This paper proposed our methods for the analysis of histopathological images of breast cancer based on the deep convolutional neural networks of Inception_V3 and Inception_ResNet_V2 trained with transfer learning techniques. The aforementioned two networks are pre-trained on the large image dataset of ImageNet. Then, their learned structure and parameters are frozen. The number of neurons in the last fully-connected layer is set according to our specific task, and the parameters of the fully-connected layer are re-trained. In this way, the model can be used to perform binary or multi-class classification of the histopathological images of breast cancer. We demonstrate that our experimental results are superior to the ones available in other studies that we have found, and that the Inception_ResNet_V2 network is more suitable for performing analysis of the histopathological images of breast cancer than the Inception_V3 network.

Also, our experimental results from the augmented datasets are much better than those from the original datasets. This is especially true when doing multi-class classification with the histopathological images of breast cancer that we used. Our comparison of the experimental results demonstrates that the Inception_ResNet_V2 network is able to extract much more informative features than the other networks we referenced.

The clustering analysis of the histopathological images of breast cancer using the typical clustering algorithm K-means demonstrates that the proper K value for K-means can be found by using the internal criterion SSE. The proposed AE network can detect much more informative, low dimensional features present in histopathological images of breast cancer. Furthermore, the clustering results produced by K-means using features extracted by Inception_ResNet_V2 and transformed by the proposed AE are much better, in terms of ARI, AMI, SSE, and ACC, than the results produced with features extracted only by Inception_ResNet_V2.

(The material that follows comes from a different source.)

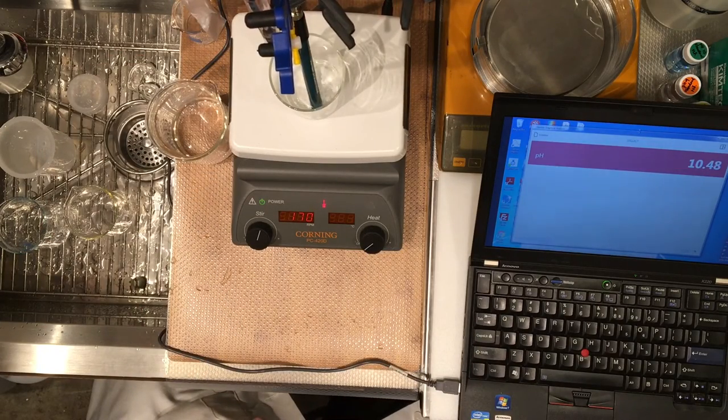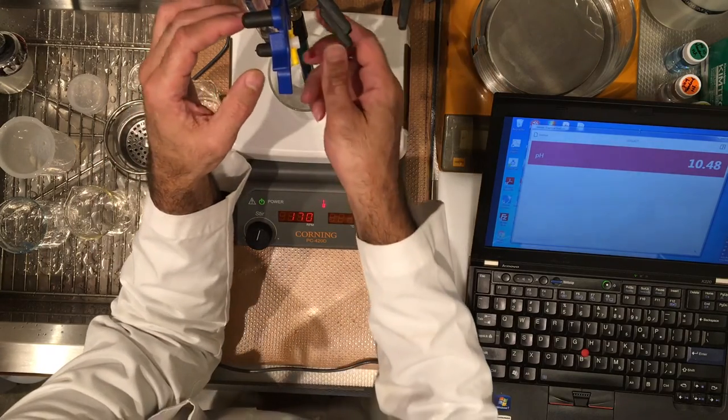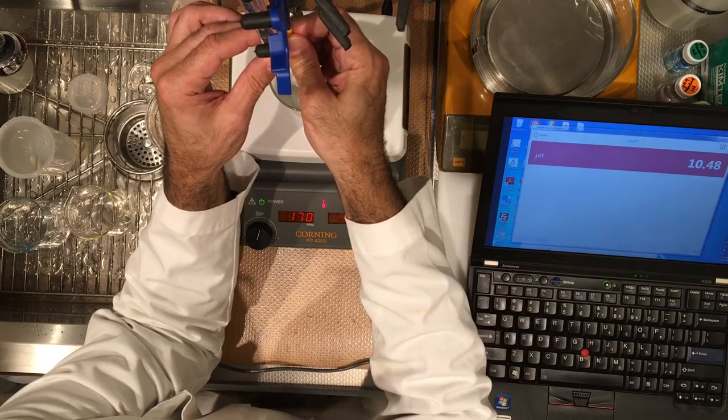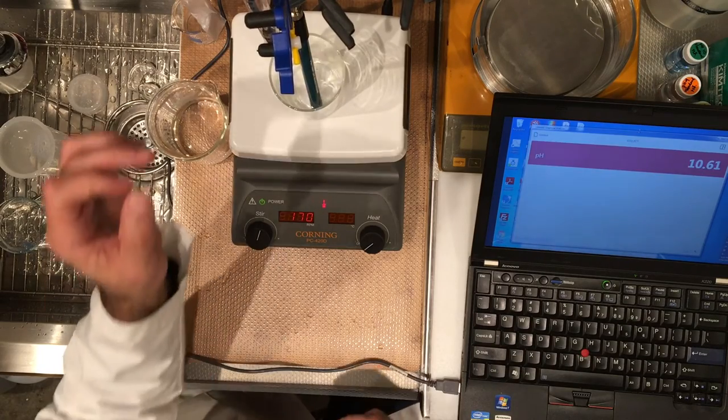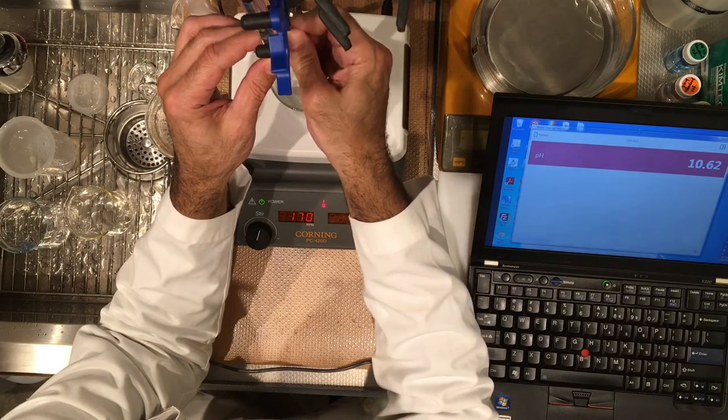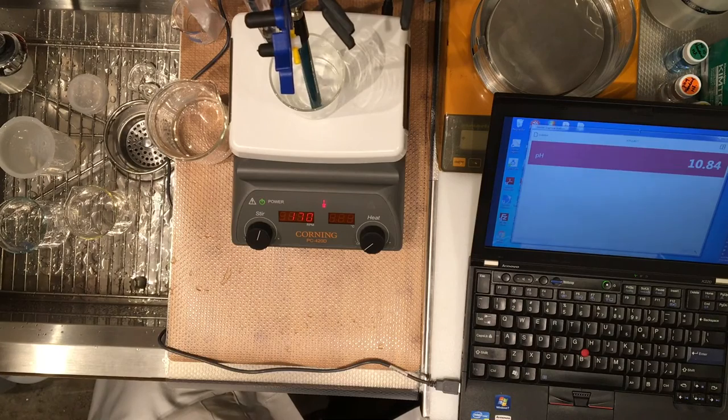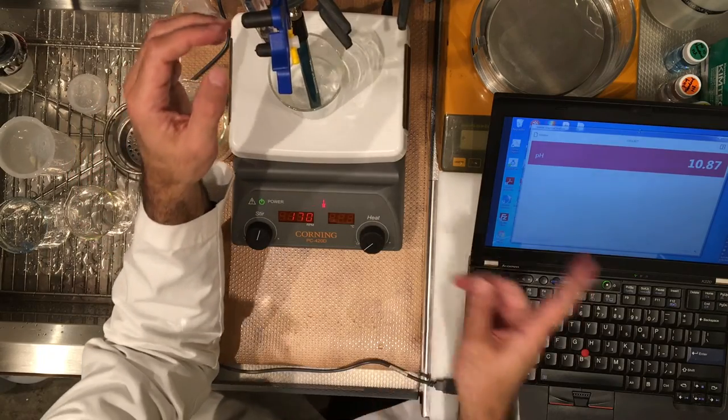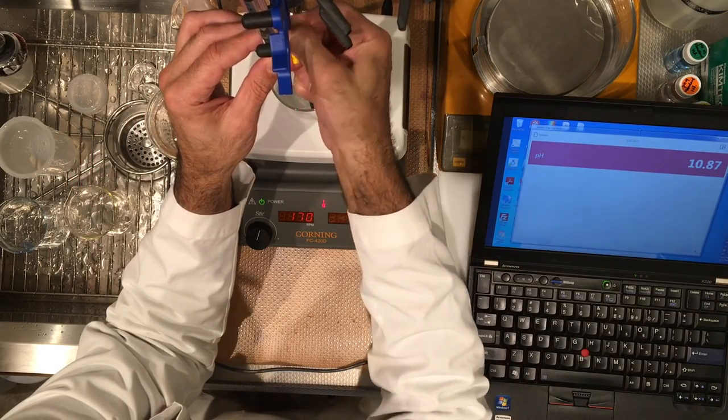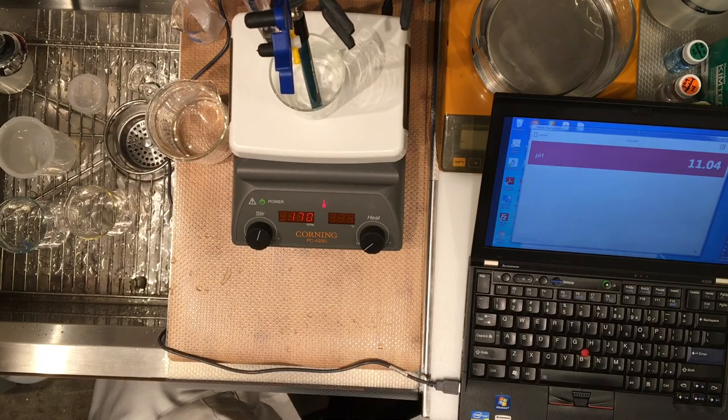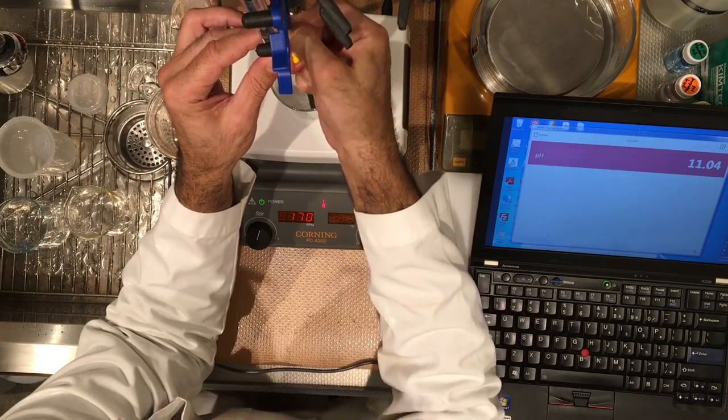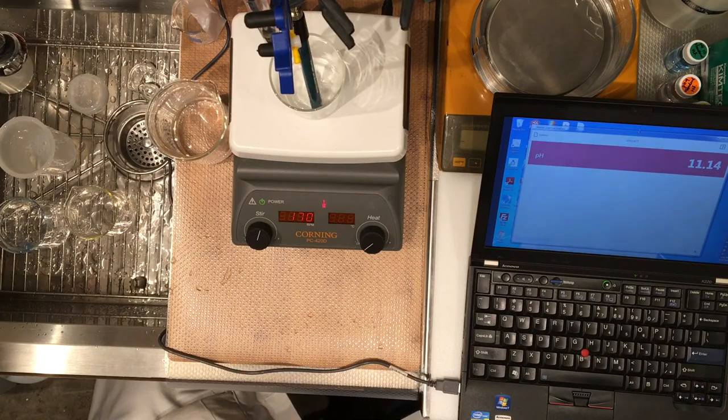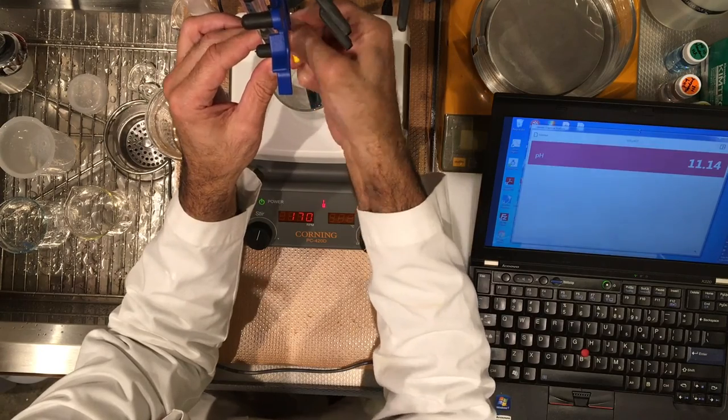12.00. Record 12.50 so we can go back to 0.5 milliliter increments record 13.00. Record 13.50 record and the last one 14.00.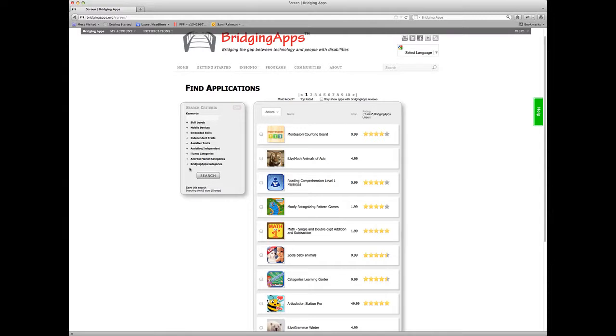Behind the scenes, we're actually searching two different databases. We have the BridgingApps database, which is a database of Android applications and all of our professional reviews for both Android applications and iTunes applications. And in real time, we're searching the iTunes store.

All of the work in this paper demonstrates that the deep convolutional neural network Inception_ResNet_V2 has the advantage when it comes to extracting expressive features from histopathological images of breast cancer. The clustering accuracies of histopathological images of breast cancers are not as good as classification accuracies because the latter used label information.

Finding ways that we can improve the clustering accuracy will require further study. In addition to this, finding the number of clusters of histopathological images of breast cancer in both cases of 8 classes and 2 classes is another task that needs to be addressed.

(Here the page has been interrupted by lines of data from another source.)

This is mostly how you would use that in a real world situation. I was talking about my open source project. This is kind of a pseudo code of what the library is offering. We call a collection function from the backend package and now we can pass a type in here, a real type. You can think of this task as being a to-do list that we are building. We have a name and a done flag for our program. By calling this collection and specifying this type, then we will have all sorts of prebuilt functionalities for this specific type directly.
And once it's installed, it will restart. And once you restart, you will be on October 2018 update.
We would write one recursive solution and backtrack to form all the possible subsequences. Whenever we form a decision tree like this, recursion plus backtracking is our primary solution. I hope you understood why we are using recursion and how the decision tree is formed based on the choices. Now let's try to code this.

Noise is a prevalent issue in medical imaging and can have a significant effect on results. Some common sources of noise include white patches on slides after deparaffinization, visible patches on tissue after hydrating, and uneven staining. It was reported that batch effects can lead to huge dissimilarities in features extracted from images (Mathews et al., 2016). For the histopathological images used in this paper, it is a fact that the differences of the resolution, contrast and appearance between images from same class are much more apparent than those from different classes. The variance of the fine-grained histopathological images of breast cancer results in difficulties when trying to classify an image as benign, malignant, or another specific category. How we can avoid or reduce the influence on the analysis of histopathological images of breast cancer from these issues will be the focus of our future work.

Author Contributions

JX made substantial contributions to the conception and design of the work, drafted the work, and revised it critically for important intellectual content by discussing with CZ, JL, and RL. RL also made substantial contributions to the conception and design of the work. She wrote the code for the algorithms, analyzed the experimental results, and wrote the experimental report. CZ and JL discussed with JX and RL about the technique details, then CZ and JL revised the paper critically for important intellectual content. JX and CZ gave approval for publication of the content. JX and CZ agree to be accountable for all aspects of the work and will ensure that questions related to the accuracy or integrity of any part of the work are appropriately investigated and resolved.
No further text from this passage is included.